== EXERCISE ==
Go to the line with "So students, every" in the entries below and write out every line from there through the line with "Hoses between the EVAP canister and the fuel", exactly and without pictures.

== RECORDS FOR THIS TASK ==
-.-.-

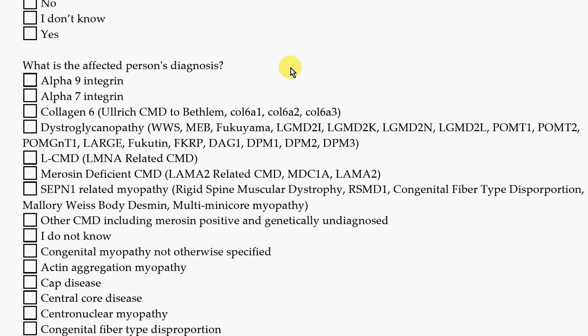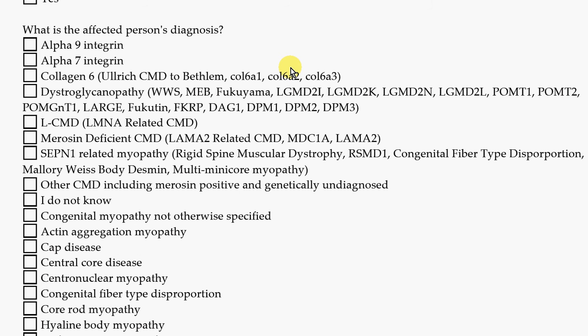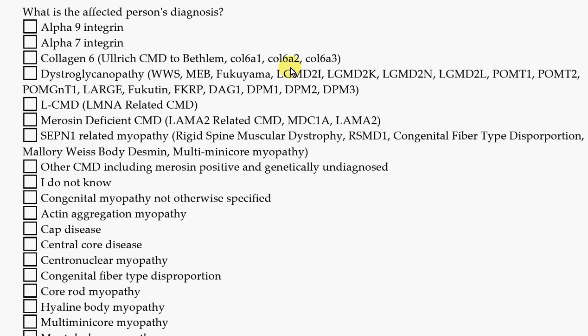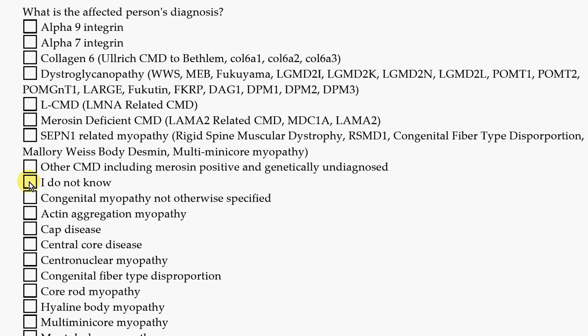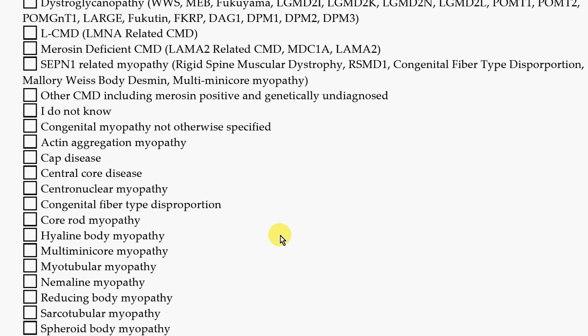We also want to know: what is the affected person's diagnosis? You can click on any of these answers here. If you don't know, that's okay too. Maybe your doctor told you that you have a Congenital Muscle Disease or Congenital Myopathy, but they don't know what kind. You can check here if you don't know.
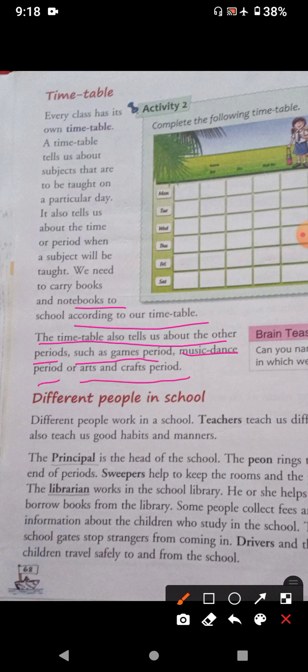So students, every class has its own timetable. You people are having your own timetable now. A timetable tells us about subjects that are to be taught on a particular day. It also tells us about the time or period when a subject will be taught.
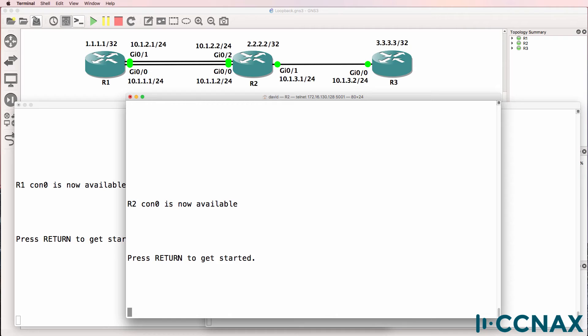This is one of multiple videos that help you troubleshoot CCNA scenarios in preparation for the CCNA exam. We're going to look at how to troubleshoot multiple issues with Telnet in this network. So let's get started.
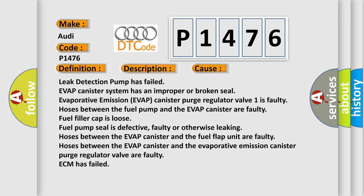Hoses between the EVAP canister and the fuel flap unit are faulty. Hoses between the EVAP canister and the evaporative emission canister purge regulator valve are faulty. ECM has failed.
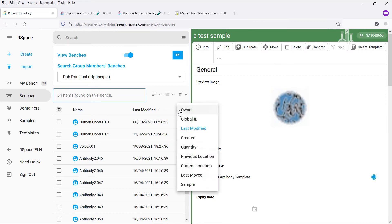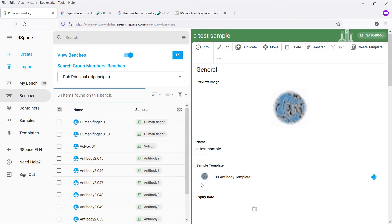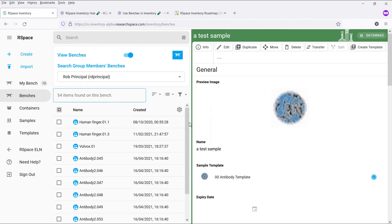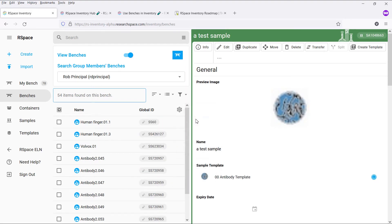By clicking on the gear icon on the right of the column, you can select what item property you would like to display in this column. This is very useful when you want to quickly find an item based on the value of a specific property, or perhaps compare this value across several items.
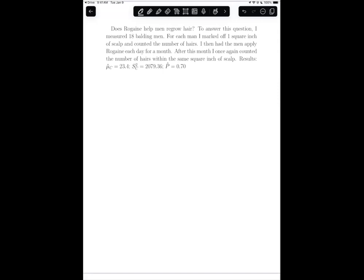We're going to talk about the pre-post or change test situation, also referred to as the paired T-test situation. Our scenario is: does Rogaine help men regrow hair? To answer this question, I measured 18 balding men. For each man, I marked off one square inch of scalp and counted the number of hairs. I then had the men apply Rogaine each day for a month. After this month, I once again counted the number of hairs within the same square inch of scalp, and the results are given.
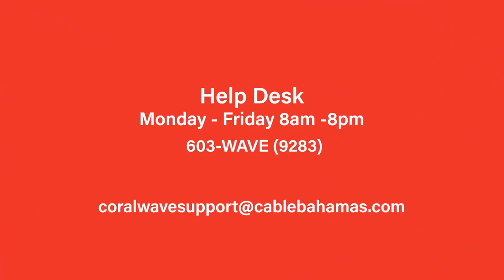For additional support, contact us at 603-WAVE or 603-9283 or email CoralWaveSupport at CableBahamas.com.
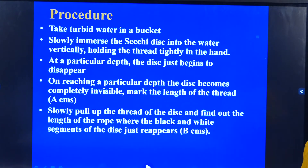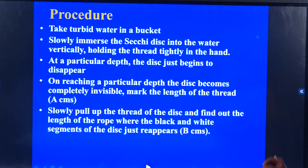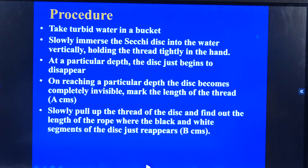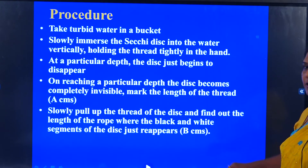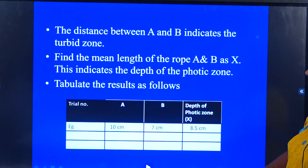The procedure is like this. You will have to take turbid water in a bucket. Slowly immerse the Secchi disc into the water vertically, holding the thread tightly in the hand. At a particular depth, the disc just begins to disappear. Stop there. On reaching a particular depth, the disc becomes completely invisible. Then you will have to mark the length of the thread there — that will be measurement A. Now slowly pull up the thread of the disc and find out the length of the rope where the black and white segments of the disc just reappear. That will be centimeters B.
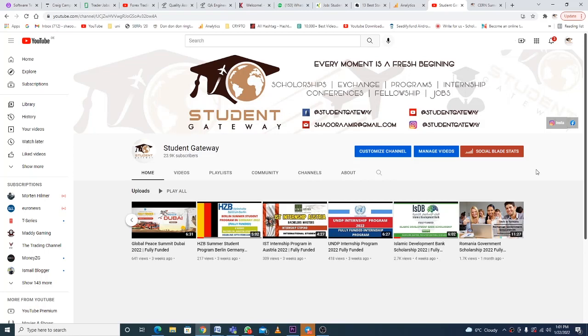Assalamualaikum beautiful people, hope you guys are doing well and having a great time. So today we are here with another exciting opportunity and this time it's from Europe. If you're new to our channel, kindly consider subscribing.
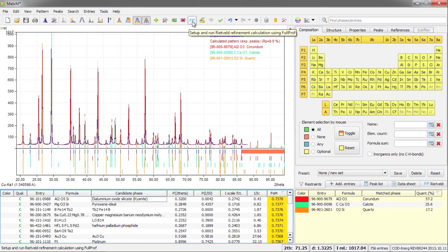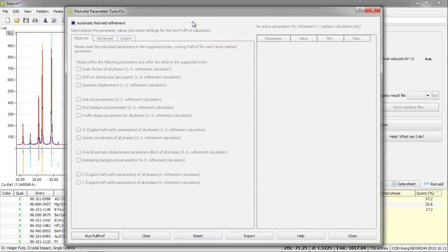In order to do so, I will press this FP button here at the top. And now I will get the Rietveld parameter dialog with the default option automatic Rietveld refinement active.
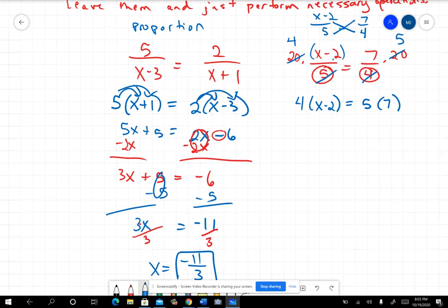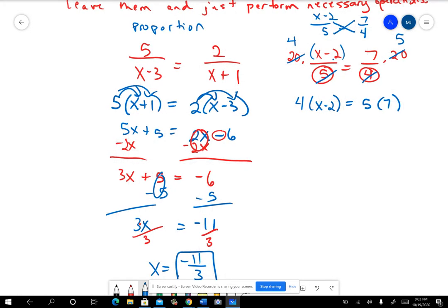So this is a problem involving fractions, but I just wanted to put variables in the denominator to show you that what we learned in class about cross-multiplying could work even in a situation where you had variables in the denominator. Most of the problems aren't going to be proportions, so let's look at a couple more of those.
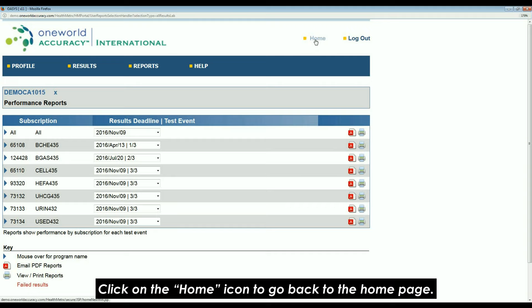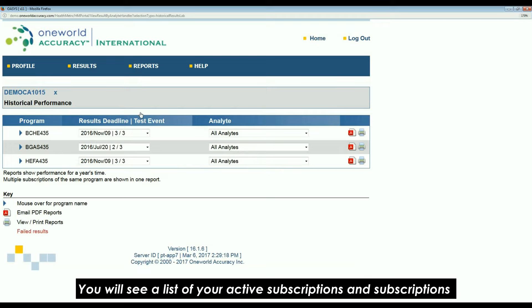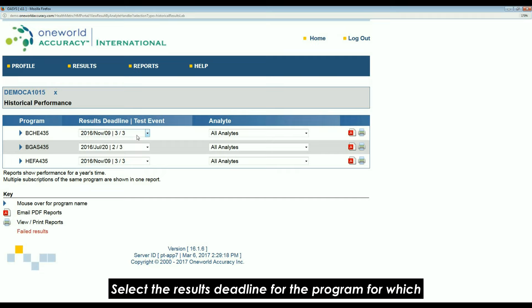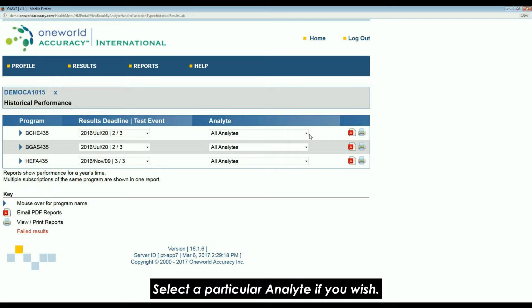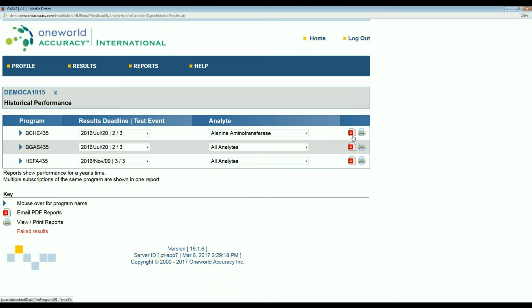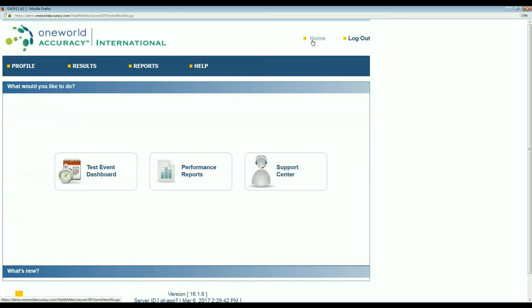Now, go to the third option, historical performance. You will see a list of your active subscriptions and subscriptions that have been cancelled within the past two years. Select the results deadline for the program for which you want to see the report. Select a particular analyte if you wish. Click on the printer icon to view the report or on the PDF icon to email it to yourself. Click on the home icon to go back to the home page.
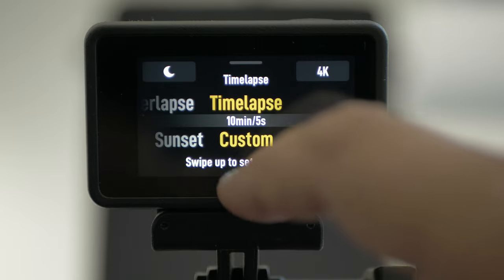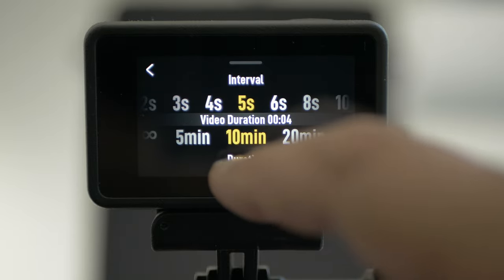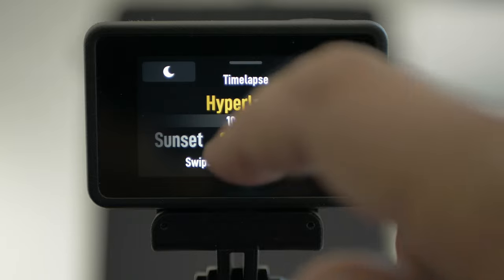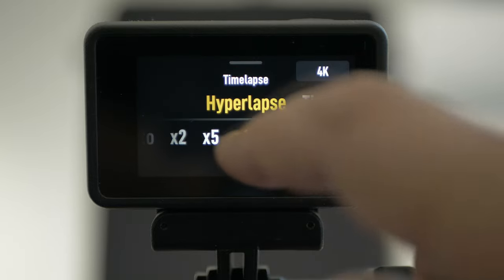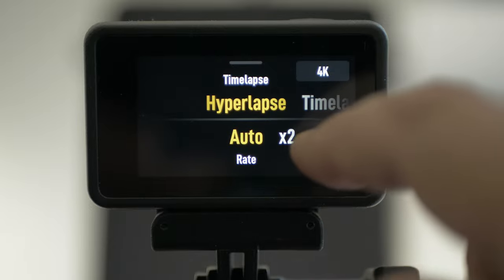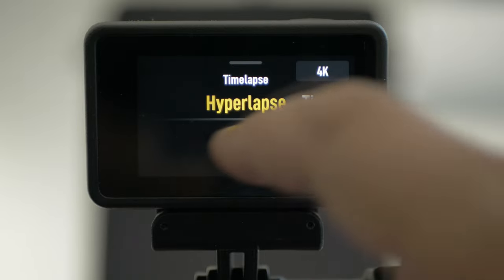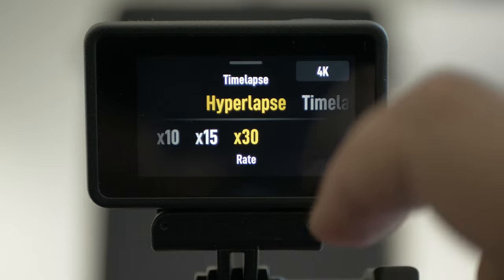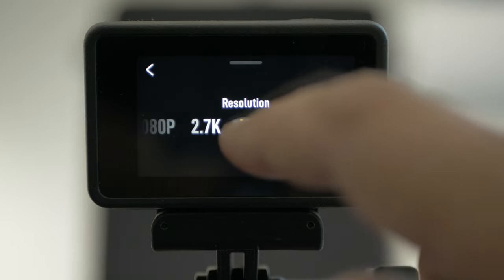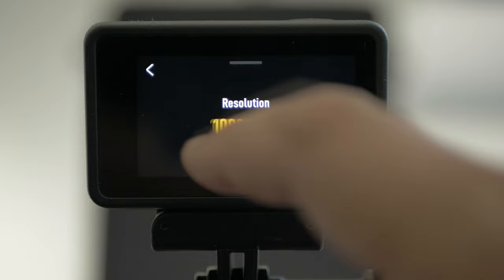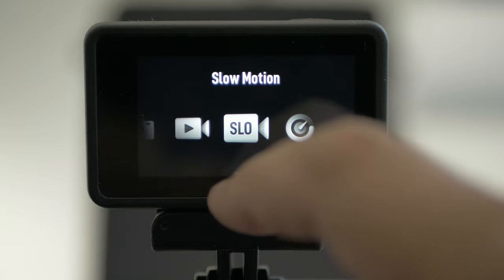With timelapse, you can swipe up to set duration and interval. With hyperlapse, we have the interval down here, from automatic all the way to 30. Up here you have resolution — 4K — and slow-mo.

-.-.-

== SOLUTION ==
So students, every class has its own timetable. You people are having your own timetable now. A timetable tells us about subjects that are to be taught on a particular day. It also tells us about the time or period when a subject will be taught.
This is one of multiple videos that help you troubleshoot CCNA scenarios in preparation for the CCNA exam. We're going to look at how to troubleshoot multiple issues with Telnet in this network. So let's get started.
Hoses between the EVAP canister and the fuel flap unit are faulty. Hoses between the EVAP canister and the evaporative emission canister purge regulator valve are faulty. ECM has failed.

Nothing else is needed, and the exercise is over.